** Opening DATA FOR PROCESSING block **

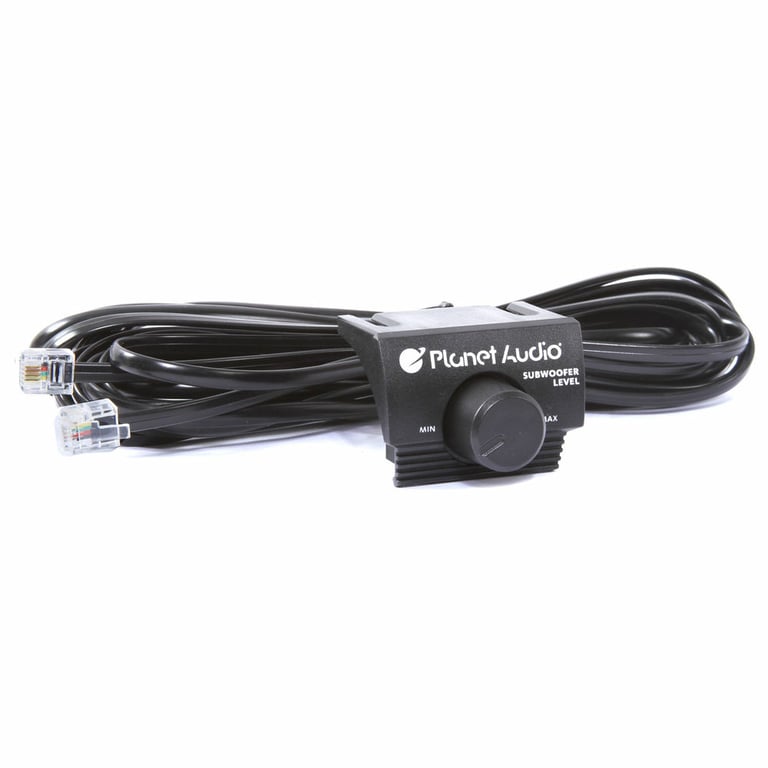 Planet Audio TR3000.1D + Belva BAK02 Image 18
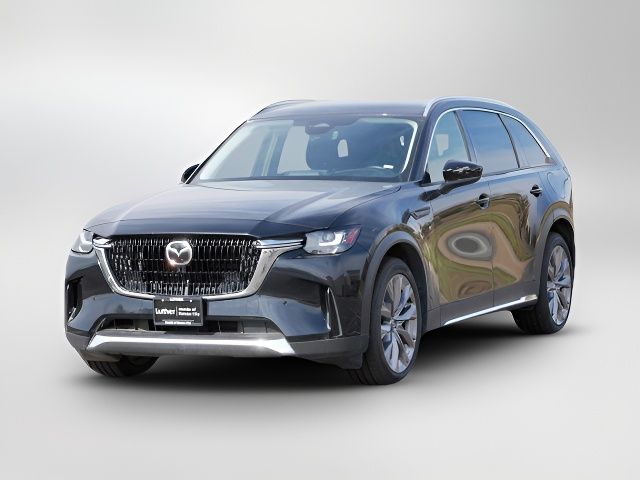 2024 Mazda CX-90 3.3 Turbo Premium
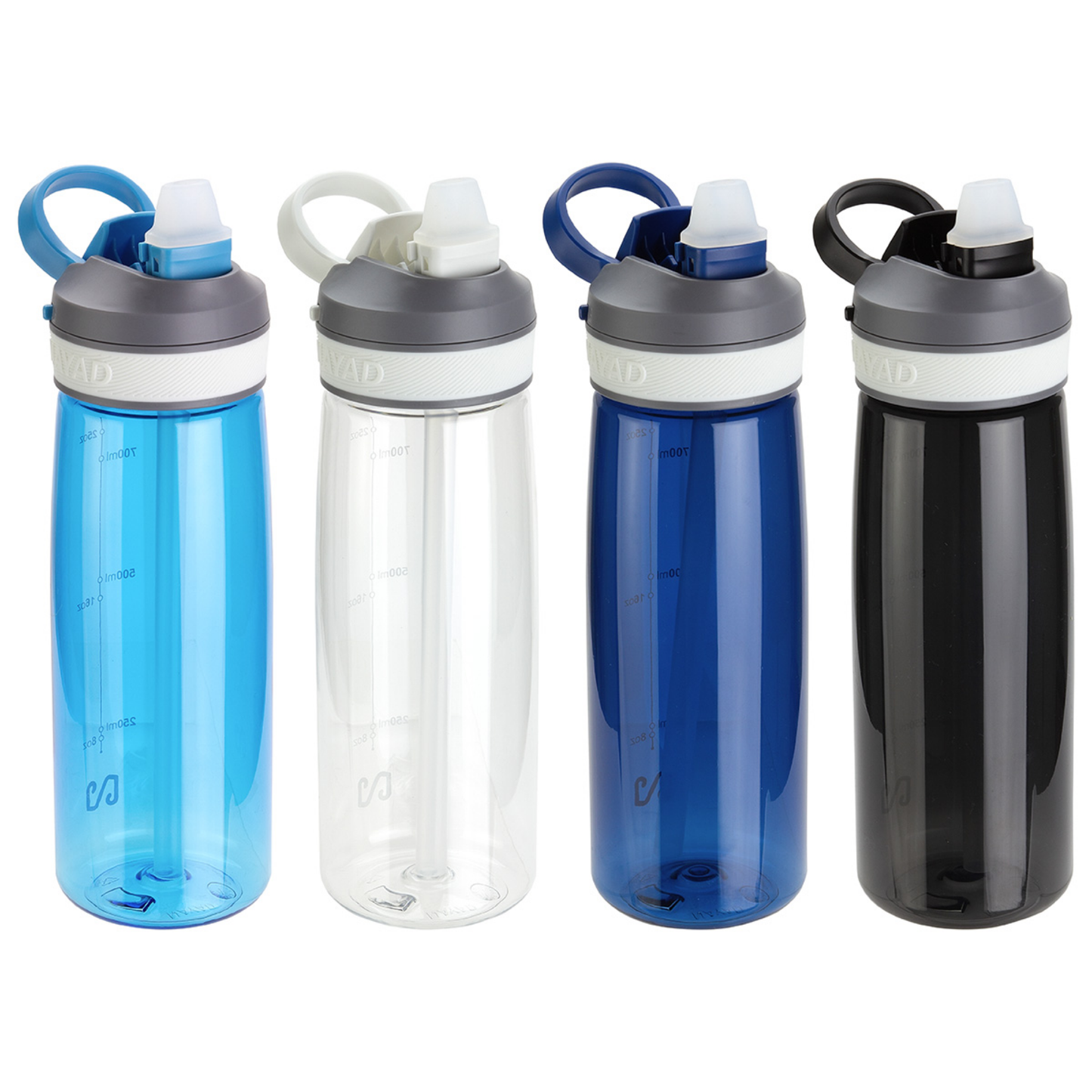 NAYAD® Vive 27 oz Tritan® Bottle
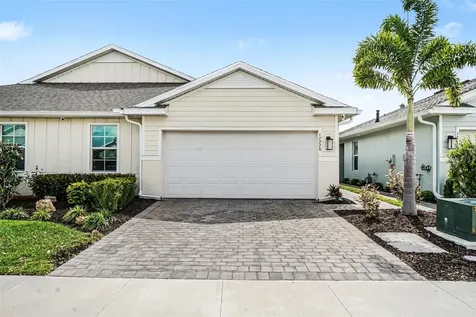 17776 Oleander Avenue Punta Gorda FL 33982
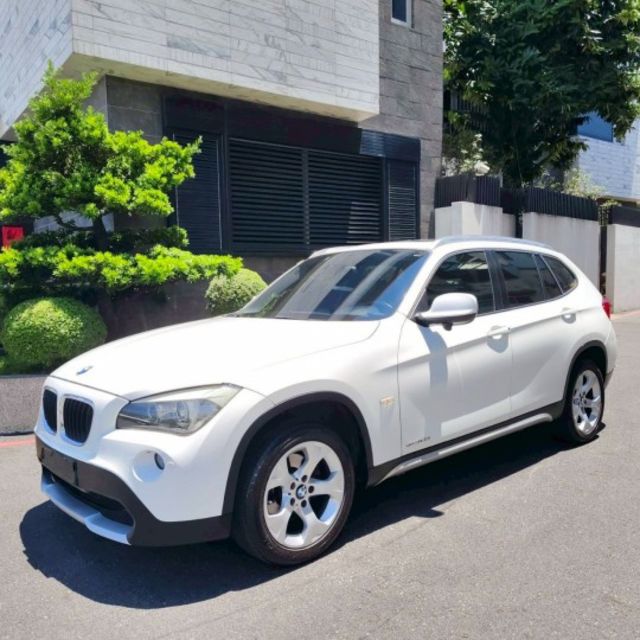 X1 E84  第2張相片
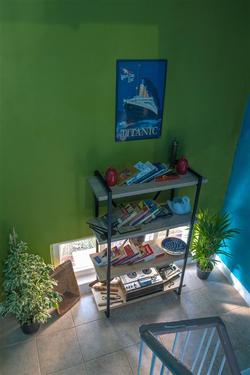 Gold Coast Hostel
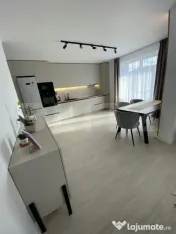 Apartament 2 camere, 56 mp, Beta Residence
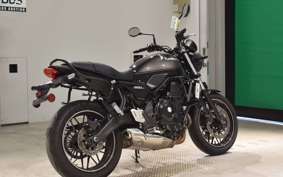 KAWASAKI Z650 RS 2024 ER650R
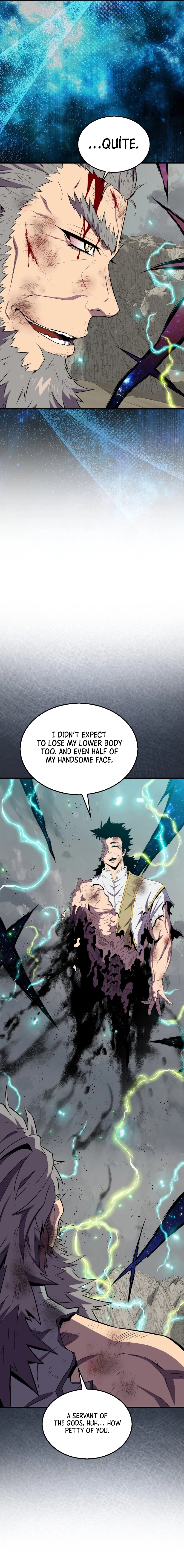 The Slumbering Ranker chapter 126 page 24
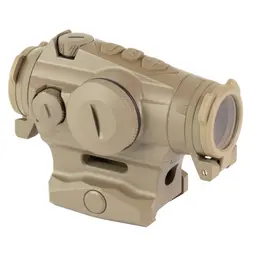SIG Sauer ROMEO4T-PRO Red Dot Scope FDE - 2
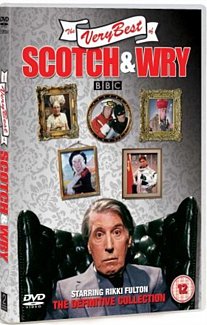 Scotch And Wry - The Very Best Of DVD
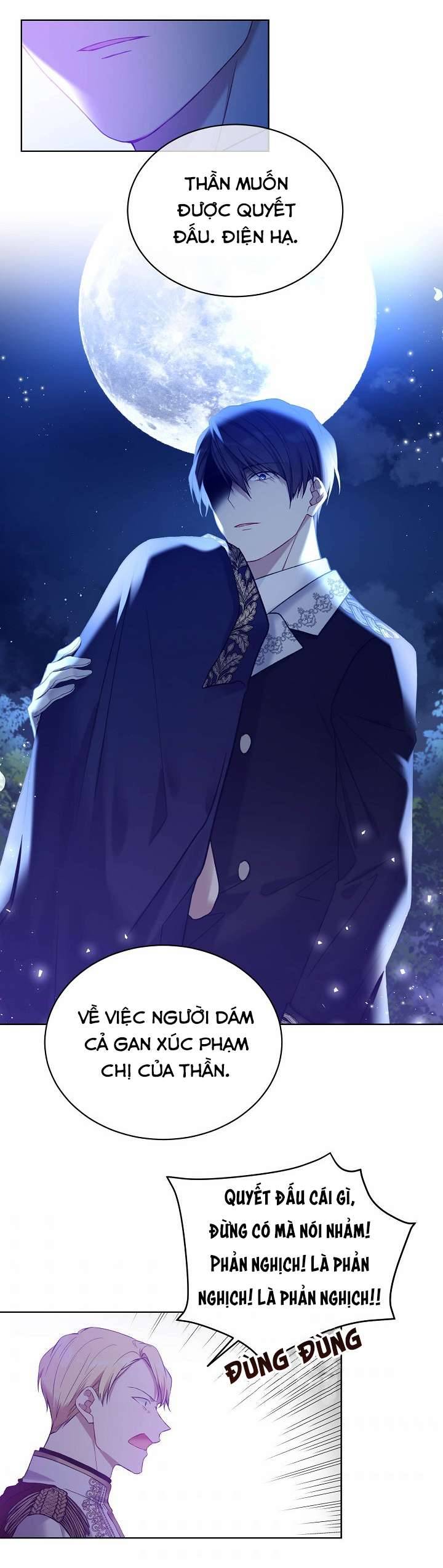 Vương Miện Lục Bảo Chap 47 - Trang 2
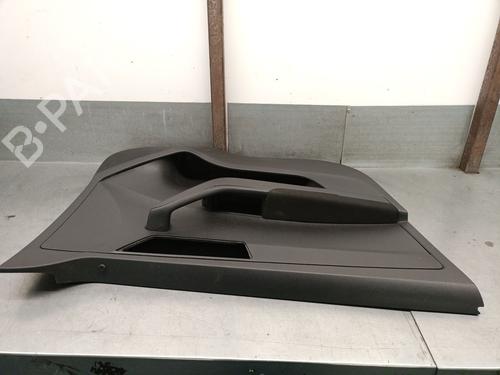 Front left panel SKODA FABIA III (NJ3) 1.0 | BP31855087C58 - Image 3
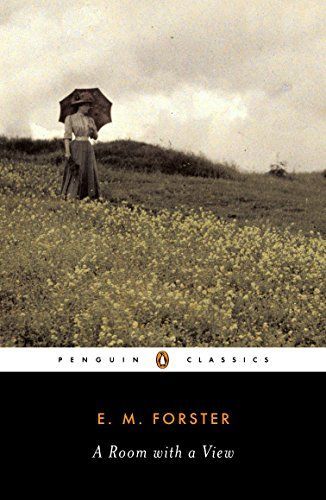 [A01085763]A Room with a View (Penguin Classics) [ペーパーバック] Forster，E. M.、 M_画像1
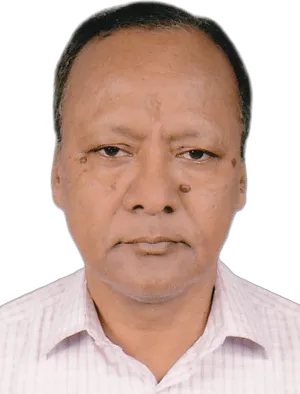 Dr. M A Kashem, Chest Diseases & Respiratory Medicine Specialist in Dhaka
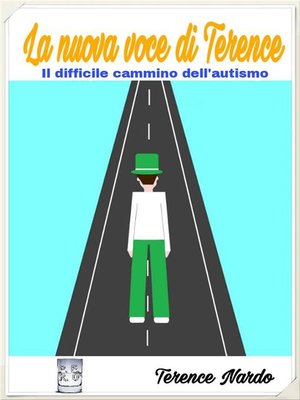 cover image of La nuova voce di Terence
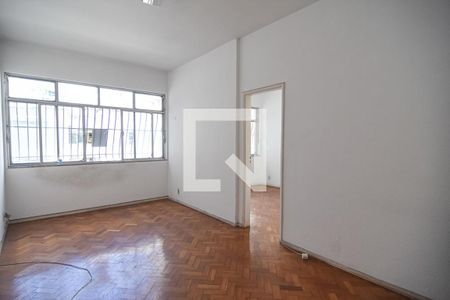 Sala de apartamento para alugar com 2 quartos, 89m² em Icaraí, Niterói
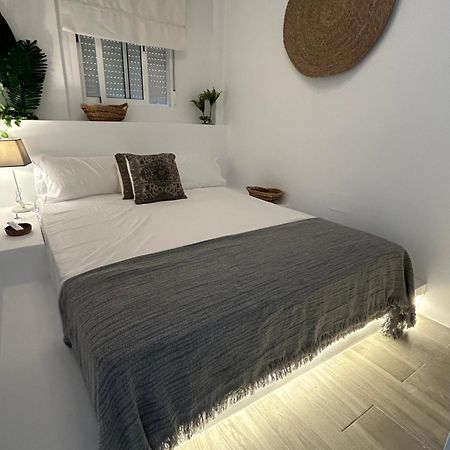 Arenales Beach Boutique Apartment Arenales del Sol Extérieur photo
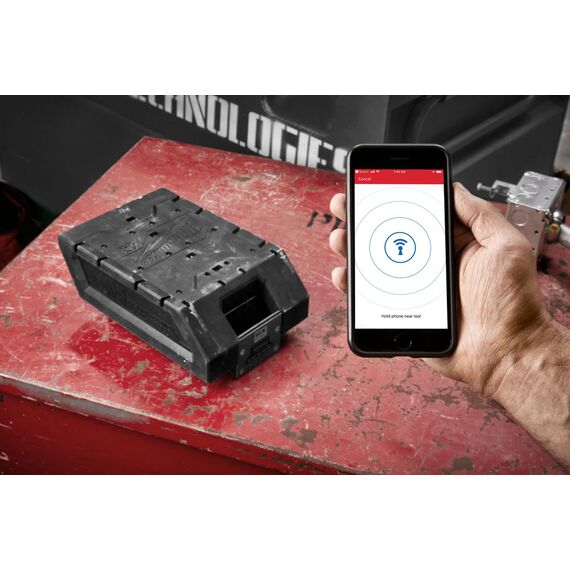 Аккумулятор Milwaukee MX FUEL™ MXF XC406 6.0 Ah - 4933471837, Модель: MX FUEL™ MXF XC406, фото, изображение 5 Аккумулятор Milwaukee MX FUEL™ MXF XC406 6.0 Ah - 4933471837, Модель: MX FUEL™ MXF XC406, внеший вид, изображение 5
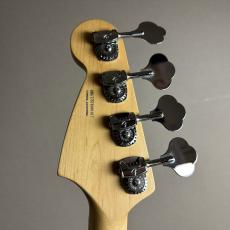 Fender American Performer Mustang Bass- Satin Surf Green【現物画像】【最大36回分割無金利 実施中】_7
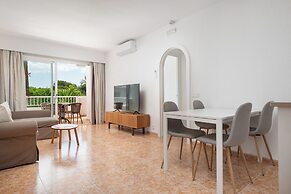 Apartamentos Siesta I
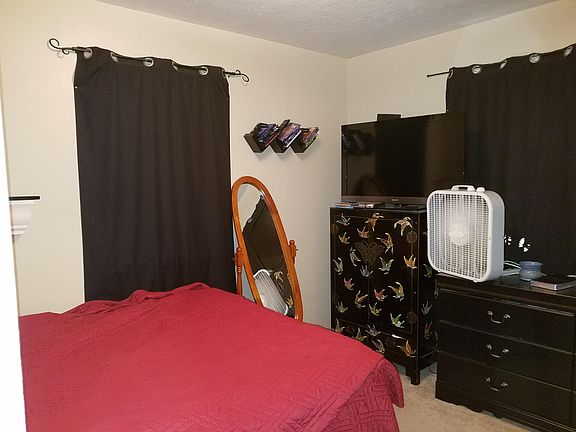 main bedroom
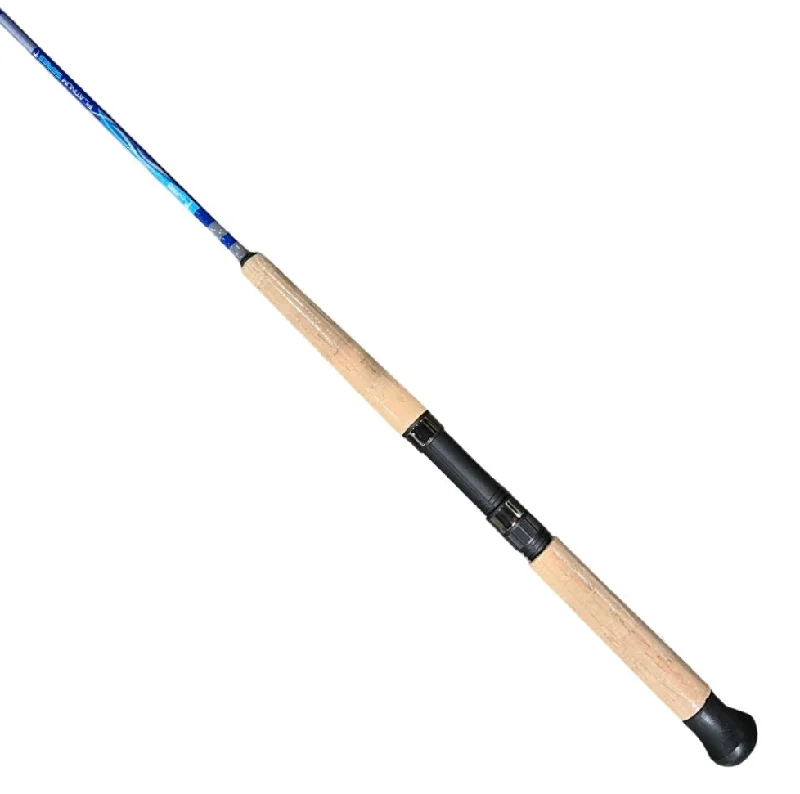 Pure Crappie Platinum Series Rod 6' 1pc Cork Grip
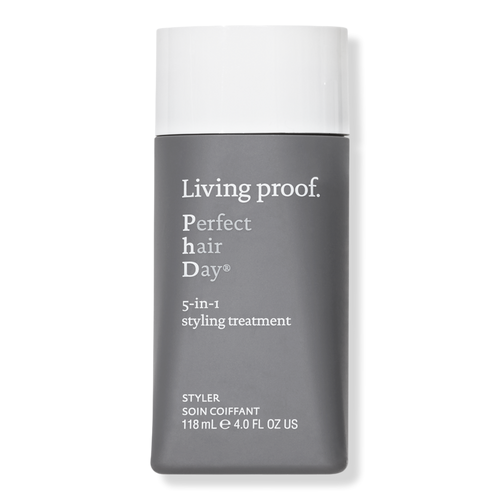 【自营】美国Living Proof缕灵 每日圆满5合1修护造型乳 118ml PHD持久定型 造型 干胶清香泡沫发蜡发泥发型打理神器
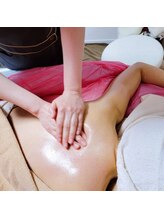 レゾン 京橋店/【痩身エステ】二の腕/背中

** Closing DATA FOR PROCESSING block **

§ AIM OF THE EXERCISE
From the top of the listing above, repeat each line exactly until you reach the line containing "Arenales Beach Boutique", and repeat that one too. Leave the pictures out.

§ RESPONSE TO THIS EXERCISE
 Planet Audio TR3000.1D + Belva BAK02 Image 18
 2024 Mazda CX-90 3.3 Turbo Premium
 NAYAD® Vive 27 oz Tritan® Bottle
 17776 Oleander Avenue Punta Gorda FL 33982
 X1 E84  第2張相片
 Gold Coast Hostel
 Apartament 2 camere, 56 mp, Beta Residence
 KAWASAKI Z650 RS 2024 ER650R
 The Slumbering Ranker chapter 126 page 24
SIG Sauer ROMEO4T-PRO Red Dot Scope FDE - 2
 Scotch And Wry - The Very Best Of DVD
 Vương Miện Lục Bảo Chap 47 - Trang 2
 Front left panel SKODA FABIA III (NJ3) 1.0 | BP31855087C58 - Image 3
 [A01085763]A Room with a View (Penguin Classics) [ペーパーバック] Forster，E. M.、 M_画像1
 Dr. M A Kashem, Chest Diseases & Respiratory Medicine Specialist in Dhaka
 cover image of La nuova voce di Terence
 Sala de apartamento para alugar com 2 quartos, 89m² em Icaraí, Niterói
 Arenales Beach Boutique Apartment Arenales del Sol Extérieur photo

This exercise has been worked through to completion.